> [Supplied records]
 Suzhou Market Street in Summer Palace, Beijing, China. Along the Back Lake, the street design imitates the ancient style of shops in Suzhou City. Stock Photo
---
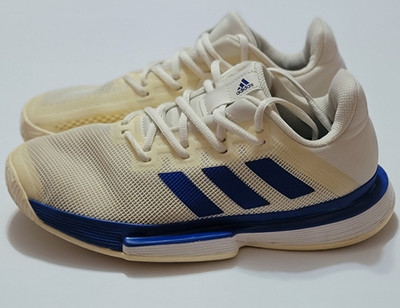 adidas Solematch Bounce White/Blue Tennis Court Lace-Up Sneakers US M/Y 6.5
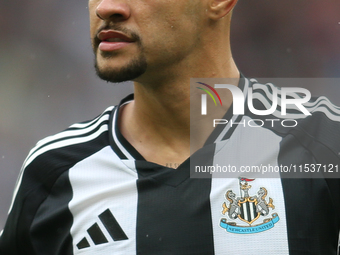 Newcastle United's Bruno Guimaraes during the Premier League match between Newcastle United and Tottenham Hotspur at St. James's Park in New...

> [Required action]
All lines above from the one containing "adidas Solematch Bounce" up to and including the one containing "Newcastle United's Bruno" are to be set down exactly, and nothing else. Leave images out.

> [Task response]
 adidas Solematch Bounce White/Blue Tennis Court Lace-Up Sneakers US M/Y 6.5
 Newcastle United's Bruno Guimaraes during the Premier League match between Newcastle United and Tottenham Hotspur at St. James's Park in New...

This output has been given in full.